Sunday, January 13, 2013

Winter Blues: Or Why I'm Late for Work...Again.

GOING TO WORK IN WINTER IN HOUSTON:


1. Two minutes to go time, put on jacket if it’s below 60 degrees.

2. Step out door of house.

3. Lock door.

4. Get in car and leave

5. Drive to office.

6. Arrive at garage and park car.

7. Lock car.

8. Enter building.

9. Remove jacket.

10. Arrive at office and begin work day.


GOING TO WORK IN WINTER IN CHICAGO:

1. Fifteen minutes to go time, pack office shoes to take to work with you.

2. Put on winter boots.

3. Put on jacket.

4. Put on overcoat.

5. Put on knit hat.

6. Put on gloves.

7. Put on scarf.

8. Decide you need to go to the bathroom.

9. Remove scarf.

10. Remove gloves.

11. Remove overcoat.

12. Go to the bathroom.

13. Re-don overcoat.

14. Re-don gloves.

15. Re-don scarf.

16. Go out to car.

17. Scrape snow and ice off of windshield enough to see out of a 6” x 6” square.
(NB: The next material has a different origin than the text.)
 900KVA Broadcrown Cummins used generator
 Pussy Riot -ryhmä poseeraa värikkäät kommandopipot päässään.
18. Enter vehicle and start.

19. Crank heater up hot enough to shoot flames from the vents.

20. Remove gloves.

21. Remove hat because you don’t want to look like a dork while you’re driving down the freeway.
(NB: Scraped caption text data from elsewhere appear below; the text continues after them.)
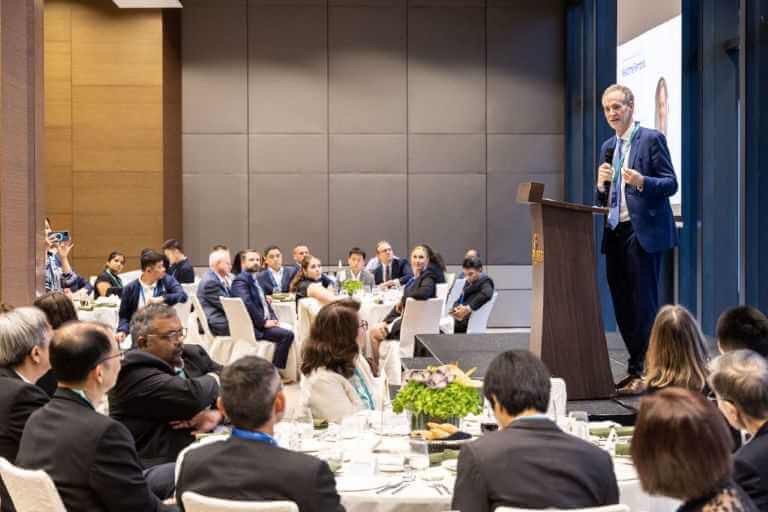 Asia_CHS's tweet photo. Thank you to all our guests and partners who joined us at Thursday night’s launch of @Asia_CHS in Singapore! We were thrilled to have Adj Prof Derrick Heng, Deputy Director-General (Public Health) @MOHSingapore and @T_Inglesby @JHSPH_CHS provide opening remarks. #healthsecurity https://t.co/RhpAya5aQw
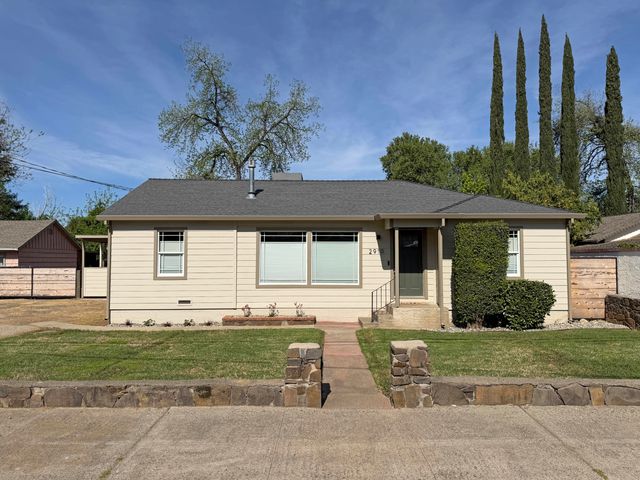 2910 Anita Street, Redding, CA 96001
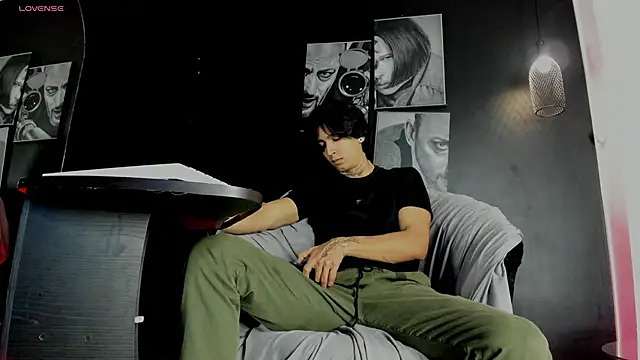 jett savage online show from November 4, 2025, 2:16 pm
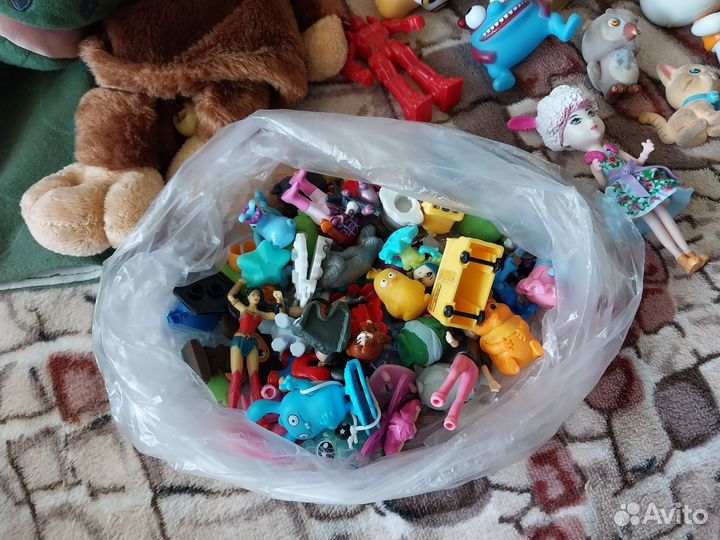 Пакетом игрушки мягкие, киндер и книги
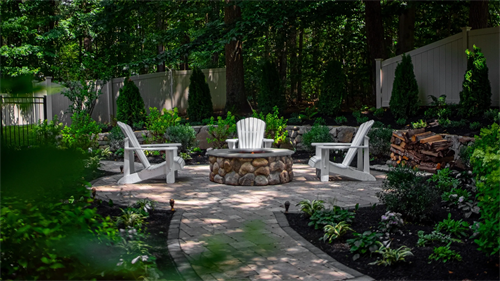 Gallery Image coloniaL_shade_from_front.png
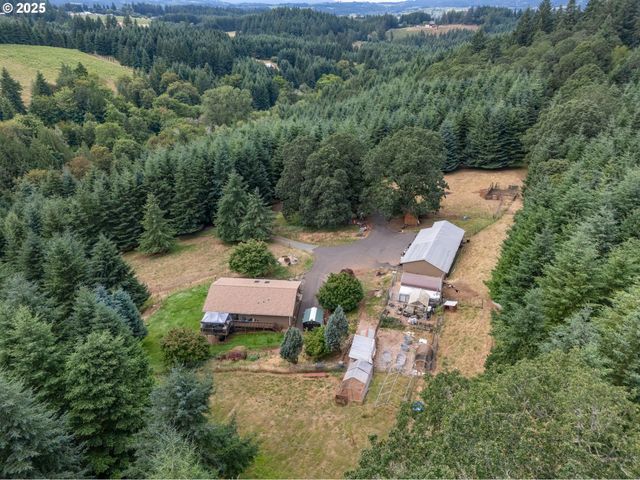19791 Ne SUNNYCREST Rd, Newberg, OR 97132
22. Remove scarf for same reason.

23. Unbutton overcoat so you have a tiny bit of arm mobility.

24. Wait for at least 5 minutes for defrost to kick in enough for wipers to scrape more snow and ice off of windshield.

25. Drive to work.

26. One block from your house, realize you forgot to lock the door.

27. Drive back to house.

28. Lock door.

29. Get back in car and drive to work.

30. Arrive at garage and park car.

31. Rebutton overcoat.

32. Re-don hat.

33. Re-don scarf.

34. Re-don gloves.

35. Get out of car. Lock it and walk one block to work, shivering and freezing your heinie off all the way, while telling yourself that you’re so lucky to have this adventure.

36. Arrive at building.

37. Take off gloves and hat.

38. Smooth hair back into place.

39. Tuck gloves in overcoat pocket.

40. Tuck hat in other overcoat pocket.

41. Ride elevator up to office.

42. See hair in reflection in elevator and realize you look like a cartoon character only not funny.

43. Enter work area.

44. Remove scarf.

45. Remove overcoat.

46. Realize one of your gloves fell out of the pocket.
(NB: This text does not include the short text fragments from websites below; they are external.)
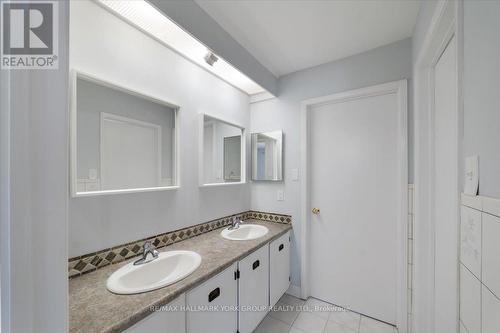 2814 Andorra Circle, Mississauga, ON - Indoor Photo Showing Bathroom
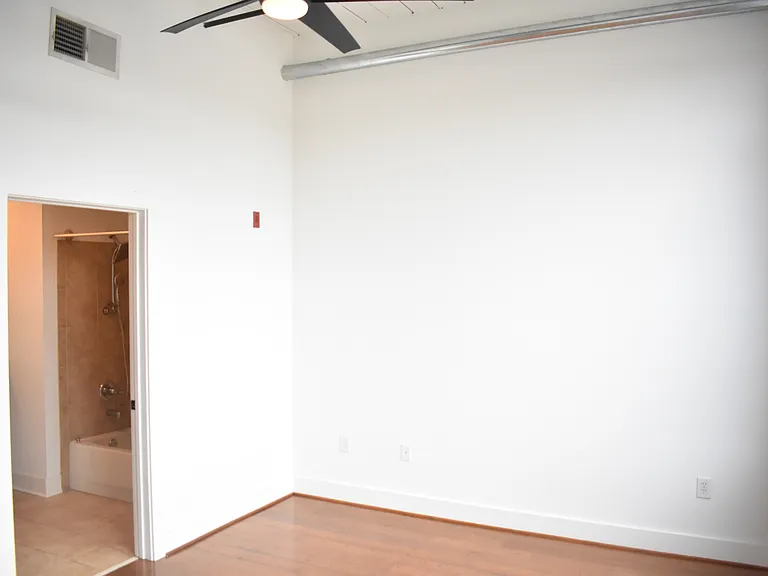 1261 Caroline St NE #101 — Photo 10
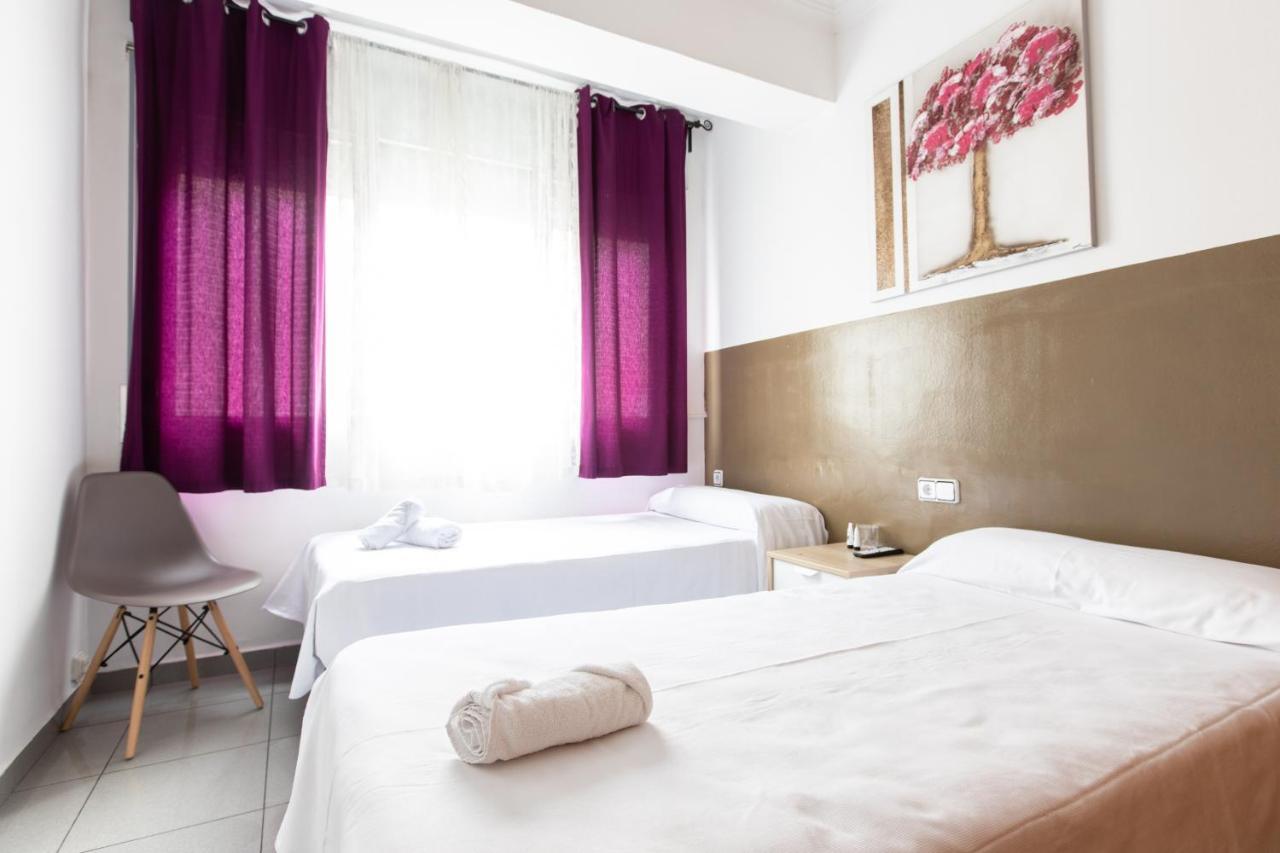 Pension Galicia Canovellas Экстерьер фото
47. Walk back down hallway to elevator, looking for missing glove.

48. Take elevator back down to first floor of building.

49. Find glove on the floor in the middle of the lobby. Mumble, “There you are!” like you’re a crazy, homeless person.

50. Ride elevator back up to office.

51. Hang up overcoat.

52. Remove winter boots.

53. Take office shoes out of pack and put them on.

54. Realize you have shoes from two different pairs in your pack.

55. Put head on desk and cry.

56. Begin work day.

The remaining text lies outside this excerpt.